In discussing and contrasting independence of observations, homogeneity of variance, and
normality in t tests, ANOVA, and linear regression, van Belle (2002, p. 10) states,
“Normality is the least important in tests of hypotheses. It should be noted that the
assumption of normality deals with the error term of the model, not the original data.
This is frequently forgotten by researchers who plot histograms of the raw data rather
than the residuals from the model....”
Note: van Belle points out that the assumption of normality is actually that the residuals are
normality distributed, not the variables themselves. However, if you use indicator variables to
model the groups, the regression line goes directly through the group means, and so the residuals
will have the same distributional shape as the outcome variable when you examine the outcome
variable separately for each group.
Just how far from normality can one go without creating a problem? It is not so simple to
quantify a departure from normality, but a contrast to the homogeneity of variance assumption
can be made. We saw above that for the homogeneity of variance assumption, the variance of
one group could be three-times the variance of another group without changing alpha (the type I
error) at all, and could be nine-times the variance and only change alpha from 0.05 to 0.06, a
change of no importance. What might seem like appalling violations, then, are of no
consequence due to the robustness of the hypothesis tests. In contrast, the hypothesis tests are
even more robust to the assumption of normality. van Belle (2002, p.8) explains,
“Many investigators have studied the issue of the relative importance of the assumptions
underlying hypothesis tests (see, Cochran, 1947; Gastwirth and Rubin, 1971; Glass et al.,
1972; Lissitz and Chardoes, 1975; Millard et al., 1985; Pettitt and Siskind, 1981; Praetz,
1981; Scheffé, 1959; and others). All studied the effects of correlated errors on classical
parametric and nonparametic tests. In all of these studies, positive correlation resulted in
an inflated Type I error level, and negative correlation resulted in a deflated Type I error
level. The effects of correlation were more important than differences in variances
between groups, and differences in variances were more important than the assumption of
a normal distribution.”
What To Do With This Knowledge
Your model is probably fine in most cases, if your data are somewhat symmetrical and skewness
does not occur in opposite directions for your study groups.
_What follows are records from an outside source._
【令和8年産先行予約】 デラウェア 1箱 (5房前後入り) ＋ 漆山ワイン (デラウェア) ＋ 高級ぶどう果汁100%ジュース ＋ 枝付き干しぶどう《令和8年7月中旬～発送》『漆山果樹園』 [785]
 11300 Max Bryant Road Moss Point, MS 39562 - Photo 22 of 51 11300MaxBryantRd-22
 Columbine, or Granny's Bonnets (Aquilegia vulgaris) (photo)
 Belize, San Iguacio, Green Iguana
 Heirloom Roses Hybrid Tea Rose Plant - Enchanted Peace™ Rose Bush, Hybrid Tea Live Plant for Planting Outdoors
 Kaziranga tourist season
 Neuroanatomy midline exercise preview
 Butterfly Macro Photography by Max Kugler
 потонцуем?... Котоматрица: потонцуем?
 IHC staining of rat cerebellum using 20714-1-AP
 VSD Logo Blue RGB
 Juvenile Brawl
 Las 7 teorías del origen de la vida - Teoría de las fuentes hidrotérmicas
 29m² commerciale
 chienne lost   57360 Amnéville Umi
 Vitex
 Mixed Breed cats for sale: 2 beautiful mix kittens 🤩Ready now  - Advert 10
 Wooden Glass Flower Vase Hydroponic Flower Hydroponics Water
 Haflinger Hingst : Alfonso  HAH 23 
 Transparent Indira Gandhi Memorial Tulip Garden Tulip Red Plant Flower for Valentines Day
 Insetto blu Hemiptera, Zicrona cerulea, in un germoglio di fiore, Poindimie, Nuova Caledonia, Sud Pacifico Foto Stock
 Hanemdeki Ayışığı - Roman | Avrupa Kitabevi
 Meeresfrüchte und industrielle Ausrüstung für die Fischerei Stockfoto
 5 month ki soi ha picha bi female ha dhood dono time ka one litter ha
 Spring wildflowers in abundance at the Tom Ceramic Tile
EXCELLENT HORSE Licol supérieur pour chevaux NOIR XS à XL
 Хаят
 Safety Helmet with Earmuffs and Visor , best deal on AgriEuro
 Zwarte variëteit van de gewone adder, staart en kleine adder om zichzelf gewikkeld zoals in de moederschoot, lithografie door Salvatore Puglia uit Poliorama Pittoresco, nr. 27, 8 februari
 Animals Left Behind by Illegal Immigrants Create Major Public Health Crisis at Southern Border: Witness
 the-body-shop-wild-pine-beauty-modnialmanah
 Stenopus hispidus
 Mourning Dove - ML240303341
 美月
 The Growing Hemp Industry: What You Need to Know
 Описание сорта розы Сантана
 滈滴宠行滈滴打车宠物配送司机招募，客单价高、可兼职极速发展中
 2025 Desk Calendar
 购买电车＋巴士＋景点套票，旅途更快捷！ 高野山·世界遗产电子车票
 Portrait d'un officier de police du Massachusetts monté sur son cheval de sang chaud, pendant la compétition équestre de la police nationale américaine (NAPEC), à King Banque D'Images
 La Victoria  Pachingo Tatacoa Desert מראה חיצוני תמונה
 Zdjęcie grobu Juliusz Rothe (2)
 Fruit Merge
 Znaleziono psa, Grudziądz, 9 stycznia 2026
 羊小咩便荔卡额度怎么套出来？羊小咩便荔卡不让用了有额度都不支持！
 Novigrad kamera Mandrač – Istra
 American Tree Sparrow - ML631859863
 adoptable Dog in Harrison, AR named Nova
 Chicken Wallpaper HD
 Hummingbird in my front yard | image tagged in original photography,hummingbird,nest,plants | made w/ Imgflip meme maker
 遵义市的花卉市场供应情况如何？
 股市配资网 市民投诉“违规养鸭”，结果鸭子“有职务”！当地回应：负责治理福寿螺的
There is no need to rush into transformations, which can be avoided in most cases.
Still, many journal reviewers are not aware of the robustness of linear regression to violations of
normality and homogeneity of variance, since this is not taught in introductory statistics courses,
so somethings you get a reviewer response to your manuscript asking if you tested the
assumptions of normality and equal variances.
As a final note, even when aware that linear regression is robust to the equal variance and
normality assumptions, statisticians will sometimes still go ahead and try a transformation when
the assumptions are violated. This is because an increase in precision is frequently gained by the
transformation, making it easier to achieve statistical significance. We will see an example of
this in the “modeling costs” chapter, where a log transformation of the hospitalizaiton cost
variance shrinks the variance considerably.